_WORK TASK:_ Pull each line containing "Gold" out of the listing below.

_ENTRIES SHOWN:_
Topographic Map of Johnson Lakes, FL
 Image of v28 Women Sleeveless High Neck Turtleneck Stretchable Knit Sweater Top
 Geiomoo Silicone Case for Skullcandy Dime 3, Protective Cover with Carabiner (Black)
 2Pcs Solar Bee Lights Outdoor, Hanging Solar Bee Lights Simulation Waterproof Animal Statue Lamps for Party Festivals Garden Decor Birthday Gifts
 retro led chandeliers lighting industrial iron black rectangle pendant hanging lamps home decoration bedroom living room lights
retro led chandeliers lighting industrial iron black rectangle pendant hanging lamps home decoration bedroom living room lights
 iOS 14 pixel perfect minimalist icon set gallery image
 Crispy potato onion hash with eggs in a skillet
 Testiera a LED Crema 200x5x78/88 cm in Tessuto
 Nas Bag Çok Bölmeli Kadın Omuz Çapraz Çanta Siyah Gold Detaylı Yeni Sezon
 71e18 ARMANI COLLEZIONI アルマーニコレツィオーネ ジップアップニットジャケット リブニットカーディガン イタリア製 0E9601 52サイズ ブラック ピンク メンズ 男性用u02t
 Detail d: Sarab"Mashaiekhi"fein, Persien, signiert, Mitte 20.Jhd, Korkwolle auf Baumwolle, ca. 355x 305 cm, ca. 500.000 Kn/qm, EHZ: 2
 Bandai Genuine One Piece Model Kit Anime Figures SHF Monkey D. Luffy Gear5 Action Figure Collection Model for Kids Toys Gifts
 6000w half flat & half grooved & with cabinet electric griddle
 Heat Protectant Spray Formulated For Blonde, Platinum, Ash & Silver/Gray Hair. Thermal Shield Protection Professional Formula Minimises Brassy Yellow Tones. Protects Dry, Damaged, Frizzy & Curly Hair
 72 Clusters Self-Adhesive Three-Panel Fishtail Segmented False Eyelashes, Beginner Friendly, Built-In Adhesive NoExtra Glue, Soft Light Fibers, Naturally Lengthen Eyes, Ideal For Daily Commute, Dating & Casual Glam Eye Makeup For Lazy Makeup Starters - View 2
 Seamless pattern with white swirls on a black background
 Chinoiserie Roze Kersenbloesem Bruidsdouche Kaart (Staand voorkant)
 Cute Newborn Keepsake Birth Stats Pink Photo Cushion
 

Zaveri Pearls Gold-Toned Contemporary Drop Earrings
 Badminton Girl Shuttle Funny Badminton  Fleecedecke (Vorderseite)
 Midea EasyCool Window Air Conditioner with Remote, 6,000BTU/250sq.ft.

_RESULT OF THIS TASK:_
 Nas Bag Çok Bölmeli Kadın Omuz Çapraz Çanta Siyah Gold Detaylı Yeni Sezon
Zaveri Pearls Gold-Toned Contemporary Drop Earrings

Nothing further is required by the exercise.